Selin Thomas is Report for America's Story Coordinator. Originally from Philadelphia, Thomas received her degree in journalism from Boston University in 2014. Her first assignment, for the Pulitzer Center, was reporting on refugees along the Turkish-Syrian border.
She has worked as a freelance journalist in New York since 2016, when she completed her Master of Arts in politics and global affairs at Columbia University Journalism School; her thesis investigated the historical and economic causes of the persecution—ultimately genocide—of Burma’s Rohingya.
Jessica Mahone is Manager of Impact and Evaluation at Report for America. Previously, she was a researcher at the DeWitt Wallace Center for Media and Democracy at Duke University where she led research on the production of local journalism in American communities.
She has also worked as a research associate leading impact measurement for the public square team at Democracy Fund and as a researcher on the journalism team at Pew Research Center, publishing on the relationship between local news and civic engagement as well as about the demographics of those interviewed by local journalists.
Jessica has a B.A. in religion from King University, M.A. degrees in communication and sociology from East Tennessee State University, and a Ph.D. in mass communication from the University of Florida.
Jimmy Martinez is Report for America's Deputy Director of Local Sustainability and Development, assisting in local fundraising efforts for news organizations in Report for America's southwest region.
Martinez began his nonprofit career at Fidelity Charitable, managing relationships with high net worth and ultra-high net worth donors, as well as national nonprofit leaders. After gaining expertise in donor-advised funds, he moved to Los Angeles to be a philanthropic wealth advisor for donors at Liberty Hill Foundation. He also managed several giving circles during this period.
Martinez recently relocated to Dallas, where he founded the Dallas Forward Fund, a giving circle that supports social and economic justice programs in Texas.
Ben Brody is Director of Photography for Report for America, providing training and mentorship for corps members and local newsrooms. Brody spent most of his career photographing the wars in Iraq and Afghanistan, first as a soldier, and later as an independent photojournalist working on The GroundTruth Project's landmark multimedia project Foreverstan.
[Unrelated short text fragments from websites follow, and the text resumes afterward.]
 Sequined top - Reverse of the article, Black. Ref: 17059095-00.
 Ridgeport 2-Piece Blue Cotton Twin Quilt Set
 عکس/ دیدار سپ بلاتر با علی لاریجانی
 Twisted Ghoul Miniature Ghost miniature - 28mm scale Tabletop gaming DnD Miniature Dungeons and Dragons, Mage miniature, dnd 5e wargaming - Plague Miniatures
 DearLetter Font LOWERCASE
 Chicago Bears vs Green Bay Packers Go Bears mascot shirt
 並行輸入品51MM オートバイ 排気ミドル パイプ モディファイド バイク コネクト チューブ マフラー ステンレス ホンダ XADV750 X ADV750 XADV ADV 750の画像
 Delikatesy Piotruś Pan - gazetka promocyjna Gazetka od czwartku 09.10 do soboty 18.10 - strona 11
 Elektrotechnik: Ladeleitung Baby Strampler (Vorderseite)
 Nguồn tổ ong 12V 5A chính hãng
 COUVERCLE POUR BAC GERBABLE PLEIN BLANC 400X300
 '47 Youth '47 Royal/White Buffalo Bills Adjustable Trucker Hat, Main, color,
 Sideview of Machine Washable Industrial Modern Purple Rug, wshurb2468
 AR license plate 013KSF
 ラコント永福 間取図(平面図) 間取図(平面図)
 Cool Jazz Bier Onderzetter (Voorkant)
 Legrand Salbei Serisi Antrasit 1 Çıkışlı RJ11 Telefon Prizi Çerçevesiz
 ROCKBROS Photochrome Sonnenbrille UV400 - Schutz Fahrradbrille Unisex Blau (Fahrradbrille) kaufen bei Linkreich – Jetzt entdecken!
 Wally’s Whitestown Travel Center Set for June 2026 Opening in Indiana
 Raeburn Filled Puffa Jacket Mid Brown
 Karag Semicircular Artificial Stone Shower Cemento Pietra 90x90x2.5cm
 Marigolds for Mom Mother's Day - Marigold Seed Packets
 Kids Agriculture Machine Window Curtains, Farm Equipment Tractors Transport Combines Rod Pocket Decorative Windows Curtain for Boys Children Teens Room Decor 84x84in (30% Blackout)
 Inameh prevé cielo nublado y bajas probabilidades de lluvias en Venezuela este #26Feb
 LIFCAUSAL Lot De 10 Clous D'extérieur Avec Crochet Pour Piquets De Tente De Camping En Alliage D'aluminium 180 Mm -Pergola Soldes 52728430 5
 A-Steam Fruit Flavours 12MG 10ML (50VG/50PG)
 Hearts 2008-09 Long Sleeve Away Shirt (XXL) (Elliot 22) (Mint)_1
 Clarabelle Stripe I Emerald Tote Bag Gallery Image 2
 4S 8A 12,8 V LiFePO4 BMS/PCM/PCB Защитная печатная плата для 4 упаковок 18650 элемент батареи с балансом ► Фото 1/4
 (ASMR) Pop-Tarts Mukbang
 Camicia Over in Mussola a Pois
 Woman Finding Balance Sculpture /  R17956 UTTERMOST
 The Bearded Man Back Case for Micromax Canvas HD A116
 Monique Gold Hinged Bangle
He holds an MFA in photography from Hartford Art School and is the author of the critically-acclaimed photobooks Attention Servicemember and 300m. He teaches photography itinerantly at Williams College, and developed and led a landmark community photojournalism program for teens in Boston during the pandemic.
Brody also gardens, forages, repairs engines small and large, fells, splits, stacks, and burns firewood, welds, builds furniture, and manages a small publishing company in western Massachusetts.